Luckily, Facebook was able to get its backbone network back online once engineers toyed around in the data center. However, the company goes on to explain how it was faced with another challenge: a sudden surge of traffic that was sure to come once they flicked the switch.
“Once our backbone network connectivity was restored across our data center regions, everything came back up with it. But the problem was not over — we knew that flipping our services back on all at once could potentially cause a new round of crashes due to a surge in traffic. Individual data centers were reporting dips in power usage in the range of tens of megawatts, and suddenly reversing such a dip in power consumption could put everything from electrical systems to caches at risk.”
Facebook says it regularly simulates traffic surges like these in what they call “storm” drills. “Experience from these drills gave us the confidence and experience to bring things back online and carefully manage the increasing loads.

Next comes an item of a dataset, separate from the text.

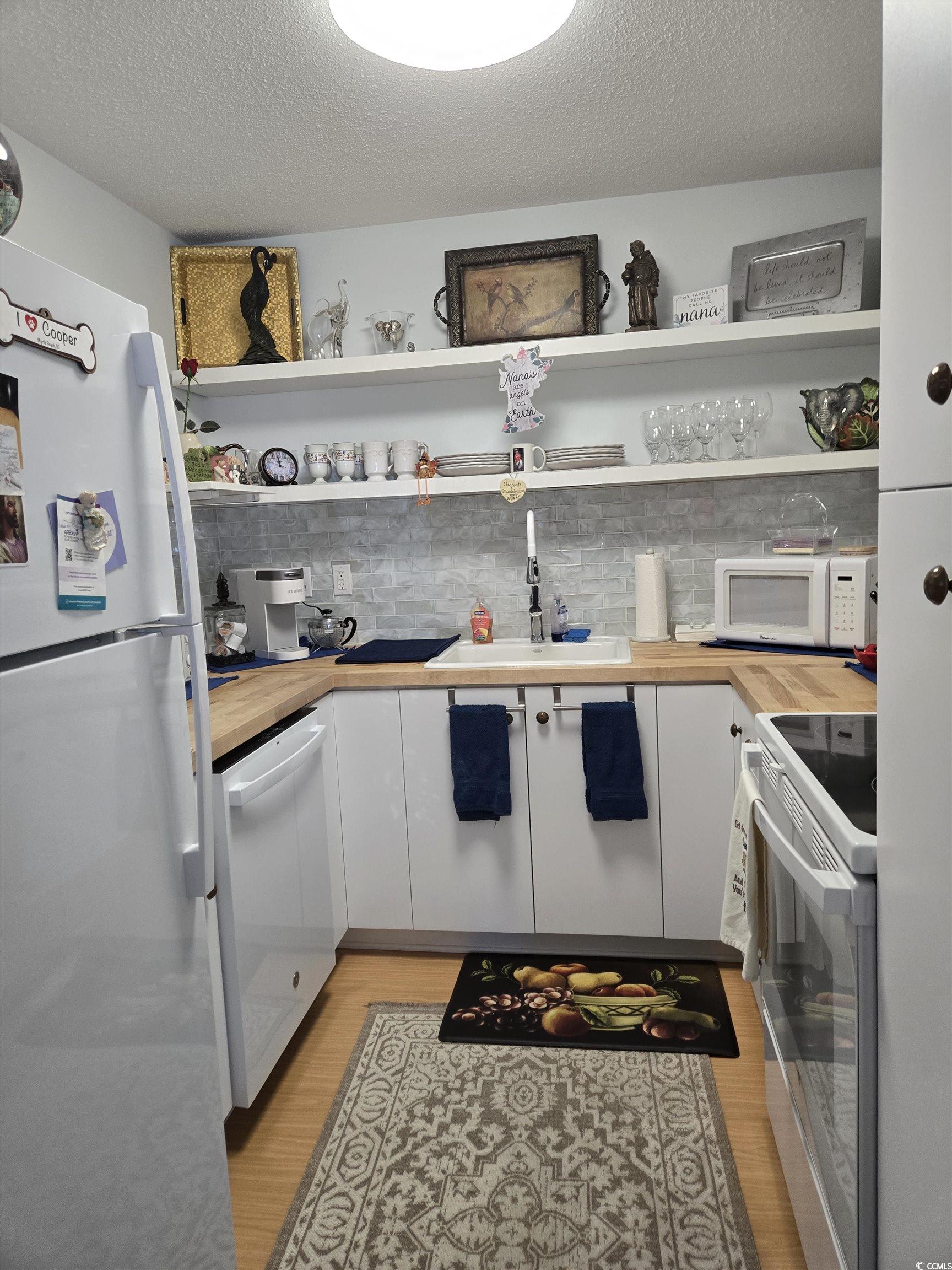 5001 Little River Road, Unit E108 Myrtle Beach, SC 29577 - Photo 8 of 25 Kitchen with white cabinets, white appliances, a textured ceiling, light wood-type flooring, and backsplash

In the end, our services came back up relatively quickly without any further systemwide failures.”
Janardhan then proceeded to elaborate on how Facebook plans to learn from this outage:“Every failure like this is an opportunity to learn and get better, and there’s plenty for us to learn from this one. After every issue, small and large, we do an extensive review process to understand how we can make our systems more resilient. That process is already underway. “We’ve done extensive work hardening our systems to prevent unauthorized access, and it was interesting to see how that hardening slowed us down as we tried to recover from an outage caused not by malicious activity, but an error of our own making. I believe a tradeoff like this is worth it — greatly increased day-to-day security vs. a slower recovery from a hopefully rare event like this. From here on out, our job is to strengthen our testing, drills, and overall resilience to make sure events like this happen as rarely as possible.”

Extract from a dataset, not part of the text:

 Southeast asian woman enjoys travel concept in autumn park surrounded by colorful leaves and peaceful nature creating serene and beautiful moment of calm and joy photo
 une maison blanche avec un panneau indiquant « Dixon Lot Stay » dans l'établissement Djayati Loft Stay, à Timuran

Facebook should be way more careful with this stuff. There were two instances where what seemed to be minor bugs were capable of collapsing Facebook’s foundation, making it impossible for users to access its various apps and products and impossible for Facebook to remotely fix the problems. A mere coincidence between two coding errors was enough to shut down one of the world’s largest online presences for hours.
Let’s just hope Facebook learns its lesson. It has to – it’s literally responsible for billions of users and their interaction with one another.